Puppies and Horse Meat? Missouri Has Become a Zoo
An Animal Rights Article from All-Creatures.org

FROM

Barbara Shelly, Kansas City Star
5/13/10
(reprinted with permission) http://www.kansascity.com/2010/05/13/1944469/puppies-and-horse-meat-missouri.html

Citizen initiatives shouldn’t be squelched permanently because of a paranoia fueled by agricultural interests.

The best thing about the Missouri General Assembly is that sessions have a drop-dead date. At 6 p.m. today the 2010 extravaganza will mercifully end.

Until then, you might want to keep your animals under lock and key.

Over the last few months, lawmakers have:

  • Proposed a way to make it legal to slaughter horses and sell their meat.
  • Tried to block a citizen initiative that seeks to regulate puppy mills.
  • Warned darkly about out-of-state groups trying to end animal agriculture as we know it in Missouri. This year, they want to save the puppies. Next year, it might be cows.

If a list were to be made of the Missouri legislature’s many quirks, its suspicion of animal protection measures must rank high on the list.

Attempts to outlaw cockfighting failed until 1998, when voters got the job done through an initiative petition. Lawmakers warned that criminalizing cockfighting was just the first step to a ban on hunting. Twelve years later, Missourians still hunt.

Now the action has shifted to the dog-breeding operations that make Missouri the nation’s leading puppy producer. Election boards are certifying more than 190,000 signatures gathered in an attempt to regulate dog breeders. Some lawmakers are trying to block that vote.

More about that later. First, the horse meat measure, which the House approved by a 30-vote margin.

Yuck, one might say. Is it even legal to eat horse meat?

Not in this country. But it is in some European and Asian nations.

“If you served overseas in World War II, you were served horse meat,” said Rep. Jim Viebrock, a Republican from Republic, Mo.

Congress effectively shut down horse slaughterhouses in the U.S. in 2006 by pulling funding for meat inspectors. Horse meat can’t be shipped overseas without an inspection stamp.

Viebrock’s House bill aims to get around that obstacle by having slaughterhouses pay a fee to the state, which would reimburse the U.S. Department of Agriculture for inspections.

Viebrock and others say the slaughterhouse closings caused an increase in horse neglect. But the economy is probably more of a factor. And it’s not like animals targeted for slaughter have great lives. Look at hogs and chickens.

I’m for economic development in Missouri. But horse slaughter? I say neigh.

A conference committee echoed that sentiment Thursday, which means horse slaughter isn’t likely to be resurrected this year. But until the clock strikes 6 p.m., anything can happen.

The same applies to attempts by House and Senate members to preempt the statewide vote on puppy mill regulations.

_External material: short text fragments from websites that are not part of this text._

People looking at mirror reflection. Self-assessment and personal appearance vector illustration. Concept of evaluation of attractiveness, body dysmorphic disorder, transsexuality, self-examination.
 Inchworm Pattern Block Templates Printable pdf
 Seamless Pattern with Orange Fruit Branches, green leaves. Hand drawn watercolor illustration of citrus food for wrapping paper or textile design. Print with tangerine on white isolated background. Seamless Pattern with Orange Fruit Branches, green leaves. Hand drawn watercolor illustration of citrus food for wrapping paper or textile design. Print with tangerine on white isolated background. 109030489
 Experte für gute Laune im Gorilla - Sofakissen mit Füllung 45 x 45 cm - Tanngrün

“There’s no question in my mind that agriculture is under siege,” said Sen. Bill Stouffer, a Republican from Napton, Mo., during a debate this week.

There’s that leap. A push for humane conditions becomes an attack on agriculture.

Rural lawmakers want to amend the state constitution to say that only laws “based upon the most current industry standards and enacted by the General Assembly” could regulate agriculture.

In other words, lawmakers support the right of citizens to take their causes to the ballot — except when it comes to protecting animals or protecting people from the effects of animals. Presumably, their efforts would preclude citizens from filing petitions to, say, create a barrier against hog farms.

It could be, as lawmakers contend, that Missouri’s problem with unsavory dog breeders results from the state’s poor performance in enforcing laws. Audits criticized the Department of Agriculture for lax performance.

But if that’s the case, we should have an open debate. Citizen initiatives shouldn’t be squelched permanently because of a paranoia fueled by agricultural interests.

A cockfighting prohibition didn’t impede hunting in Missouri. And I’ll bet that, 12 years from now, we’ll still be raising cows for consumption.